* _EXERCISE BRIEF_
Repeat the data exactly. Pictures are not part of the copy.

* _COLLECTED DATA_
- Opening Delimiter -

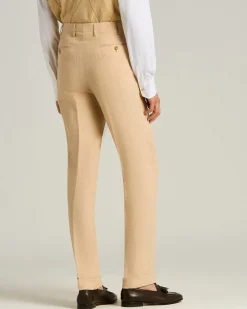 LINEN TROUSERS WITH DARTS BEIGE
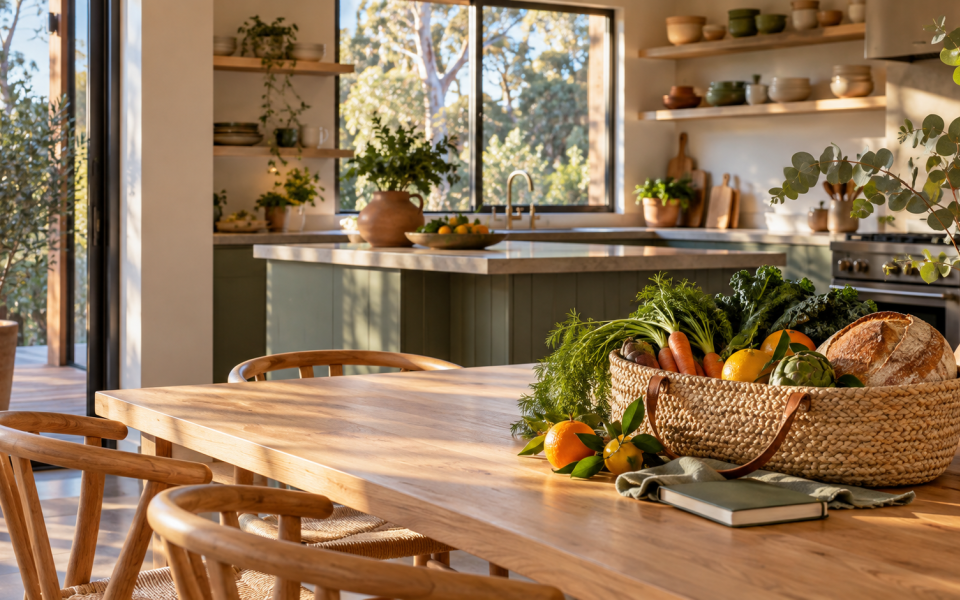 Fresh market produce on the kitchen table of a clean, prepared holiday rental.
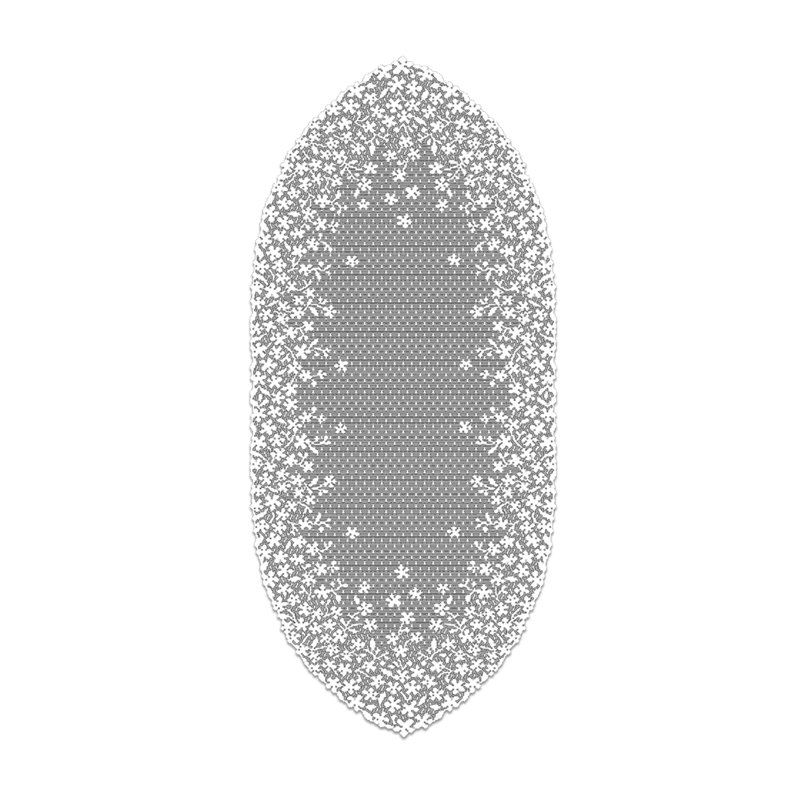 Camela Floral Oval Table Runner, White, 38" W x 12" L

- Closing Delimiter -

* _EXERCISE ANSWER_
 LINEN TROUSERS WITH DARTS BEIGE
 Fresh market produce on the kitchen table of a clean, prepared holiday rental.
 Camela Floral Oval Table Runner, White, 38" W x 12" L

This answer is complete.